Connectiviteitsapparaten kunnen meer dan 1.000 items per seconde identificeren en lokaliseren. Lezers kunnen stationair of mobiel zijn en een bijgevoegde antenne gebruiken om gegevens van tags vast te leggen. Gateways integreren stationaire lezers met scanantennes om gelabelde items te lokaliseren en volgen. Reader-chips en -modules zijn ontworpen om te worden ingebed in toepassingen zoals handheld-lezers, slimme verkoopautomaten, tracking van voertuigen, mobiele apparaten en meer.
Stationaire lezers hebben een antenne nodig die stroom verzendt, evenals gegevens en opdrachten naar eindpunten. Omdat deze lezers vaak worden gebruikt in geautomatiseerde applicaties, kunnen ze extra verbindingen met externe presentatiesensoren of light stacks ondersteunen om gebruikers op de hoogte te stellen van voltooide reads. Lezers en gateways zijn verbonden met een host-pc of netwerk om alle taggegevens te verzenden.
Lezer antennes
RAIN RFID-lezers en lezingsantennes werken samen om tags te lezen.
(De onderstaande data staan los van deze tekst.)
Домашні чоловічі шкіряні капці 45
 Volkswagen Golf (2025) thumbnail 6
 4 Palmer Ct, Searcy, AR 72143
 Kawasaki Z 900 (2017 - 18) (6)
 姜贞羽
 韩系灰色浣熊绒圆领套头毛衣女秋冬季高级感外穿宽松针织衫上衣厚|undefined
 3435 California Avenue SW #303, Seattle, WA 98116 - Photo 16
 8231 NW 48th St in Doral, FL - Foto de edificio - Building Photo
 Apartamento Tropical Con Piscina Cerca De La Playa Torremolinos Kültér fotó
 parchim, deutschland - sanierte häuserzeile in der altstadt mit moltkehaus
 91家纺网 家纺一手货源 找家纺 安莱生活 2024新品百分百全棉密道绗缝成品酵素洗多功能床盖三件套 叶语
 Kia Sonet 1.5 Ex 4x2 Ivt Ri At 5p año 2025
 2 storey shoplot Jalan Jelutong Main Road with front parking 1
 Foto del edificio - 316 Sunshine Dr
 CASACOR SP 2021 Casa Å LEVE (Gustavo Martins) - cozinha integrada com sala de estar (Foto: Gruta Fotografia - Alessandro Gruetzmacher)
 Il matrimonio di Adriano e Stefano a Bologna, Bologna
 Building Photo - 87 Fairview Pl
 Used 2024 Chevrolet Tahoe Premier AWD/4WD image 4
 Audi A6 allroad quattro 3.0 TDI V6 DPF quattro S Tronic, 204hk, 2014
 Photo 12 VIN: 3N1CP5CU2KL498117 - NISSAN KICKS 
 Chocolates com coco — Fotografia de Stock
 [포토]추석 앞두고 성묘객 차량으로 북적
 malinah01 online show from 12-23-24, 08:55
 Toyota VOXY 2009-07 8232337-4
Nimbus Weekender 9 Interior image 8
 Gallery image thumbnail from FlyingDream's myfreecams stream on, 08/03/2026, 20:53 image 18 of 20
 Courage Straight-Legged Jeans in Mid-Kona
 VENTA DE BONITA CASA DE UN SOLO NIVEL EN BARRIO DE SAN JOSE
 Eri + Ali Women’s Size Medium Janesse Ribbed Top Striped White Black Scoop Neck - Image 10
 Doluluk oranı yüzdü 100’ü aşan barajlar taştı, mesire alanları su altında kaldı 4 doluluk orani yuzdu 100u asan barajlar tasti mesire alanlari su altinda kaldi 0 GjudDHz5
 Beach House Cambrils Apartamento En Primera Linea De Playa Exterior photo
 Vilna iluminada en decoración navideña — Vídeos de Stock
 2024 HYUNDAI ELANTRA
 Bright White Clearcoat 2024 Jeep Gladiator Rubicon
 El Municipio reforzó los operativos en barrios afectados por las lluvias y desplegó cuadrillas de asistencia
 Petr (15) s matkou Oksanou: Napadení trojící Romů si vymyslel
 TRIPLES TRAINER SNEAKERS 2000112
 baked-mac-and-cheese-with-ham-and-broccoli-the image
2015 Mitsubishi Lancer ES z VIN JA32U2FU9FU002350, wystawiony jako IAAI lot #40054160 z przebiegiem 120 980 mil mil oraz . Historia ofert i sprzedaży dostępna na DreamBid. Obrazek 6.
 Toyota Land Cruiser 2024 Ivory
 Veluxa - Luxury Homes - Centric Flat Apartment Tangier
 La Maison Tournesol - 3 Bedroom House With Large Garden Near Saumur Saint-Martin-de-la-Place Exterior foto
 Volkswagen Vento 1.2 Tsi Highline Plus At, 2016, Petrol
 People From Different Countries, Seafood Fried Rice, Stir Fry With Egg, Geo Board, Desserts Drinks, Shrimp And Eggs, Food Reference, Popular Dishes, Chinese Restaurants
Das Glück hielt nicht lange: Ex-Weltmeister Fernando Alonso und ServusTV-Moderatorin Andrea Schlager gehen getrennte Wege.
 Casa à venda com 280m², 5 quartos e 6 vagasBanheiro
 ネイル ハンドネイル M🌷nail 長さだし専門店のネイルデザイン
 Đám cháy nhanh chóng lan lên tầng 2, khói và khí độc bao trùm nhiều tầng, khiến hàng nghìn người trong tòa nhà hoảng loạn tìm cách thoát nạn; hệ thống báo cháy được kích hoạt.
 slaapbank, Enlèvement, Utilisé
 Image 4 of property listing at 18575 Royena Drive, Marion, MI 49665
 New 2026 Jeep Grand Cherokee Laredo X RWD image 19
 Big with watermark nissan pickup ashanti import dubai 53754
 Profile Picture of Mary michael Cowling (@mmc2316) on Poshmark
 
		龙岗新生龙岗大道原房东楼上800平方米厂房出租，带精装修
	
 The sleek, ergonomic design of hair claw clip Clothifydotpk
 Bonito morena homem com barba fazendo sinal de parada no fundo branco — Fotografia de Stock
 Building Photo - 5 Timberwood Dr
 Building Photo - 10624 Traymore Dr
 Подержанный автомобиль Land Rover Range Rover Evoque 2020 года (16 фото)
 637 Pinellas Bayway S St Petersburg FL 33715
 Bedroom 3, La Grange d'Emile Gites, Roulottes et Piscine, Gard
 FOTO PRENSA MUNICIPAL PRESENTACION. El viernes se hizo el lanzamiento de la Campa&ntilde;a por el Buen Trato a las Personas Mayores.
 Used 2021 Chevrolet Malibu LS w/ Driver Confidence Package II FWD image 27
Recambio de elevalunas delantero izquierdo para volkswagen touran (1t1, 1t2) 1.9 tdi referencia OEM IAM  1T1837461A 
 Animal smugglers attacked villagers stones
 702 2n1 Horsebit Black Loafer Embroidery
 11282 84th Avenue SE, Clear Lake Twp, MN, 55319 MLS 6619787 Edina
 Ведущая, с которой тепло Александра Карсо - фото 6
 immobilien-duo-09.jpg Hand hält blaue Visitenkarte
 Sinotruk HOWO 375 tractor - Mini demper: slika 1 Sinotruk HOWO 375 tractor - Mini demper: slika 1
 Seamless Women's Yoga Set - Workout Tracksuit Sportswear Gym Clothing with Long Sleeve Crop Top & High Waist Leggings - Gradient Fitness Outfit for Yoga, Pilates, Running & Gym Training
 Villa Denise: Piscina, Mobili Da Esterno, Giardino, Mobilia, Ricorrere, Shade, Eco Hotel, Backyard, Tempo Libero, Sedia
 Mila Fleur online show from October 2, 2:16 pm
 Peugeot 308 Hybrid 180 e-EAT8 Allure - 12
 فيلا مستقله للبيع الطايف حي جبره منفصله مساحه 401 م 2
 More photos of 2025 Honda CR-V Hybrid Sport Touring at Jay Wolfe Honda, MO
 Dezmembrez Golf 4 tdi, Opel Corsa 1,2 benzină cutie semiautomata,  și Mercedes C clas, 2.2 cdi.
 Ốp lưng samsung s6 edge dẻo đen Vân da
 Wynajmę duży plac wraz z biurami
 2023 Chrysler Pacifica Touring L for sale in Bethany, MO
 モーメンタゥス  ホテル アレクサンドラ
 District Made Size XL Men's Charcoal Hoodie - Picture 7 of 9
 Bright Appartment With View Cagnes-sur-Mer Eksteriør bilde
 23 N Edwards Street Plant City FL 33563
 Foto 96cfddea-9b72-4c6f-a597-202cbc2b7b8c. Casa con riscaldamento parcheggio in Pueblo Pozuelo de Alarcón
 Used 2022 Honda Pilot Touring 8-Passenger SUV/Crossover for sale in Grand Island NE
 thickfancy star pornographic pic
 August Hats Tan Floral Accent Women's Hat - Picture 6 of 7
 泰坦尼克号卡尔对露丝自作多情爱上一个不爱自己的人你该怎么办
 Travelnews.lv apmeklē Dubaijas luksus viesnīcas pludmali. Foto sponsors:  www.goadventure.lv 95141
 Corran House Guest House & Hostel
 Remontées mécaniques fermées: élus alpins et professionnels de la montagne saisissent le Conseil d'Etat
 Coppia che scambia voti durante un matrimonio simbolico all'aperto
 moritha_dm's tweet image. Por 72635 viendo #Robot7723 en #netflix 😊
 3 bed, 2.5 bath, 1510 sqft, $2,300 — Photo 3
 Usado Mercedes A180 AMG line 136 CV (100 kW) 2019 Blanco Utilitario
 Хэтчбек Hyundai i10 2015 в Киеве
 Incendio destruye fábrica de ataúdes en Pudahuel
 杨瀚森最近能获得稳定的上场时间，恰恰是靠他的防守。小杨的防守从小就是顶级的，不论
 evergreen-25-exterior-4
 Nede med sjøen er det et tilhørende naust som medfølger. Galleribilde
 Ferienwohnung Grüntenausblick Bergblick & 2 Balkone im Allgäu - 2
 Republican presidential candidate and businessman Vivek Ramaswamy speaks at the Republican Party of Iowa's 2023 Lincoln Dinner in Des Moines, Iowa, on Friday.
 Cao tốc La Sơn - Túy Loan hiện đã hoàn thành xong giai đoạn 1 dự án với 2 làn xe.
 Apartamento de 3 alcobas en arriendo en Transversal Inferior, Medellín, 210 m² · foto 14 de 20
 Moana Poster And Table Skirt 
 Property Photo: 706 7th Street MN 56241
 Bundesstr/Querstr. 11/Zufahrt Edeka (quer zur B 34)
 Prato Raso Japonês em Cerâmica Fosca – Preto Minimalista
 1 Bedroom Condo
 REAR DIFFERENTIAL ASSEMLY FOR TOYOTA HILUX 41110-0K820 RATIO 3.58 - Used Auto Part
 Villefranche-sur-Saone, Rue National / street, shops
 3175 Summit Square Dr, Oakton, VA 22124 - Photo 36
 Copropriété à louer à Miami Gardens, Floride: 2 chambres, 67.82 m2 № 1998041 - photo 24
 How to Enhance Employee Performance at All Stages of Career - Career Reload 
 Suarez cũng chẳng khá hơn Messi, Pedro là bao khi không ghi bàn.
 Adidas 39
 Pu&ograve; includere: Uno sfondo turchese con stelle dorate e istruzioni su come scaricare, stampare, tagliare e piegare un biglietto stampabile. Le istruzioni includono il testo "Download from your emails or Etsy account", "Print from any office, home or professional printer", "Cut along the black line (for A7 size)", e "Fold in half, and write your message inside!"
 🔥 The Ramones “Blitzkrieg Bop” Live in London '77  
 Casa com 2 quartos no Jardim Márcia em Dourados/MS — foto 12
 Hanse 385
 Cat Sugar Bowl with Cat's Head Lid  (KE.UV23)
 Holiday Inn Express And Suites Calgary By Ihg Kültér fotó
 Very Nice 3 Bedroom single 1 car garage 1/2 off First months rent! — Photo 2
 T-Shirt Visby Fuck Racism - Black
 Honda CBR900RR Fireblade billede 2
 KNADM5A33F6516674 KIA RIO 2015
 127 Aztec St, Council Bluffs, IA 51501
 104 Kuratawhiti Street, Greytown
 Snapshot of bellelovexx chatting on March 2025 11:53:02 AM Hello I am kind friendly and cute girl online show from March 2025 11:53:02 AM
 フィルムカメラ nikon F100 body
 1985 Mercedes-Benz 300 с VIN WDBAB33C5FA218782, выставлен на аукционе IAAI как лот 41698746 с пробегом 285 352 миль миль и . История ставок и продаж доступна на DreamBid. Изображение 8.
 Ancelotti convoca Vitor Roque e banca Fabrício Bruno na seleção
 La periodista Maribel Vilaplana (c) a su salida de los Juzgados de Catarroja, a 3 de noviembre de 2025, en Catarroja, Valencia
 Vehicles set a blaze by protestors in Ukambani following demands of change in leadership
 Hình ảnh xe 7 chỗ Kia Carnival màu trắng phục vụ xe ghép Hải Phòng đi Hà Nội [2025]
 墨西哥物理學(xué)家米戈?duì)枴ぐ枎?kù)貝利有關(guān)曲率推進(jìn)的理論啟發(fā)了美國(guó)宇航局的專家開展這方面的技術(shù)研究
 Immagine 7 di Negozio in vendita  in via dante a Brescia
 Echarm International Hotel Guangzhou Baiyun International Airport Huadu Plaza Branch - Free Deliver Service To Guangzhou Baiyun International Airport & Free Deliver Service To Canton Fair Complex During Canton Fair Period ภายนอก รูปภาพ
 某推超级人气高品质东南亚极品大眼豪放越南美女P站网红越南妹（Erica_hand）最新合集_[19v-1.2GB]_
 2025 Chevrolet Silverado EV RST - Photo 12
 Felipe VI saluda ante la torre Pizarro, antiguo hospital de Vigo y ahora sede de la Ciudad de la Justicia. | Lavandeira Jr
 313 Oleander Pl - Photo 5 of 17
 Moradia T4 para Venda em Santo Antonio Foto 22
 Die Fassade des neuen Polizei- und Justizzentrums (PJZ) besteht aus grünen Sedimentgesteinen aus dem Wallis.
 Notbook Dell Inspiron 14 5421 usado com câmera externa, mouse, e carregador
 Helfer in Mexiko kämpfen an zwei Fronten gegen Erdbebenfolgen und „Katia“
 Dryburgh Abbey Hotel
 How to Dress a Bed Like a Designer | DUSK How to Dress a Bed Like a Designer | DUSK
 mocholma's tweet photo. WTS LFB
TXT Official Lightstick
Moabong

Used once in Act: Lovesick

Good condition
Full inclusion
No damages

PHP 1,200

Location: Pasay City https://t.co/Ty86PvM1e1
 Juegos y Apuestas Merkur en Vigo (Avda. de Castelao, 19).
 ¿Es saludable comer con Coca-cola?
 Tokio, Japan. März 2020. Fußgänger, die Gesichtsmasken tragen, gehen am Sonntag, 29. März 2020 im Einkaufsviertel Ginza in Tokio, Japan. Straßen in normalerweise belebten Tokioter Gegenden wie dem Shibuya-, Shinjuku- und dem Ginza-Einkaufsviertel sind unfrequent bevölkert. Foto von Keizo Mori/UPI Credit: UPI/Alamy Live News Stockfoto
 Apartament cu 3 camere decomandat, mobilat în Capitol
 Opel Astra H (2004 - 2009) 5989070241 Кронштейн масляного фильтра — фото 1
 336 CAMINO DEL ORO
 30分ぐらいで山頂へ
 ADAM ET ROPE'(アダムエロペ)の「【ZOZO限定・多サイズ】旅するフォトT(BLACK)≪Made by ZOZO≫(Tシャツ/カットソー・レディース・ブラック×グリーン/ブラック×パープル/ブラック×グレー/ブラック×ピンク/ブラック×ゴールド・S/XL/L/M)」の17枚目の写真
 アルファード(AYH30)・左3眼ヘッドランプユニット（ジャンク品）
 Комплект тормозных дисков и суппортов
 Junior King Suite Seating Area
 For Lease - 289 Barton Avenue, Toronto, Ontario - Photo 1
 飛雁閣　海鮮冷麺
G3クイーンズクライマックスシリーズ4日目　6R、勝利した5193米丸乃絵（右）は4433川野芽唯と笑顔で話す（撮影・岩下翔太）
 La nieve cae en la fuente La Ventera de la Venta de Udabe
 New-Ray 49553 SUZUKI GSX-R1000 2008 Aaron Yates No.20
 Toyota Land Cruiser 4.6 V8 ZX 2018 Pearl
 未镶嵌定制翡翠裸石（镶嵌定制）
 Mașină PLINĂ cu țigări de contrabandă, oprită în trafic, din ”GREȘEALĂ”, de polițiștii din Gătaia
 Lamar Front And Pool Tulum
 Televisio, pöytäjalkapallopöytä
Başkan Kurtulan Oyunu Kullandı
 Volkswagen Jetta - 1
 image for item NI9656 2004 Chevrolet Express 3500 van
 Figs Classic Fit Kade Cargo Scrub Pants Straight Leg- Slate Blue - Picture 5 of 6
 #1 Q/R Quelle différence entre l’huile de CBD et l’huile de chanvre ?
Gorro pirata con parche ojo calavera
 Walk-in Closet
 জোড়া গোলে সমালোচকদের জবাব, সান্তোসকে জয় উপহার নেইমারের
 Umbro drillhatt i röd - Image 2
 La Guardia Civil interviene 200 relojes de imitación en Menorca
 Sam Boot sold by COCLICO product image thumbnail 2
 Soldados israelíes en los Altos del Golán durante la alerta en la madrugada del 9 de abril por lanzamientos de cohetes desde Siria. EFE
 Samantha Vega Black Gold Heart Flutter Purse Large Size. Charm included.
Lezerantennes zetten elektrische stroom om in elektromagnetische golven die vervolgens in de ruimte worden gestraald, waar ze kunnen worden ontvangen door een tag-antenne en weer kunnen worden omgezet in elektrische stroom. Net als bij de tag-antennes is er een grote verscheidenheid aan lezerantennes en de optimale antenneselectie verschilt per specifieke applicatie en omgeving van de oplossing.
De twee meest voorkomende antennetypes zijn lineaire en circulair gepolariseerde antennes. Antennes die lineaire elektrische velden uitstralen, hebben lange afstanden en een hoog vermogensniveau waardoor hun signalen door verschillende materialen kunnen doordringen om tags te lezen. Lineaire antennes zijn gevoelig voor labeloriëntatie; afhankelijk van de taghoek of -plaatsing, kunnen lineaire antennes het moeilijk hebben om leestags te lezen.
Keuze van de antenne wordt ook bepaald door de afstand tussen de RAIN RFID-lezer en de tags die hij moet lezen. Deze afstand wordt leesbereik genoemd. Lezerantennes werken in een "near-field" (kort bereik) of "far-field" (lange afstand). In bijna-veldtoepassingen is het leesbereik minder dan 30 cm en gebruikt de antenne magnetische koppeling, zodat de lezer en tag stroom kunnen overbrengen. In near-field-systemen wordt de leesbaarheid van de tags niet beïnvloed door de aanwezigheid van diëlektrica, zoals water of metaal, in het veld.
Bij verre-veldtoepassingen is het bereik tussen het label en de lezer groter dan 30 cm - en in feite kan dit enkele tientallen meters zijn. Farfield-antennes gebruiken elektromagnetische koppeling en diëlektrica kunnen de communicatie tussen de lezer en tags verzwakken.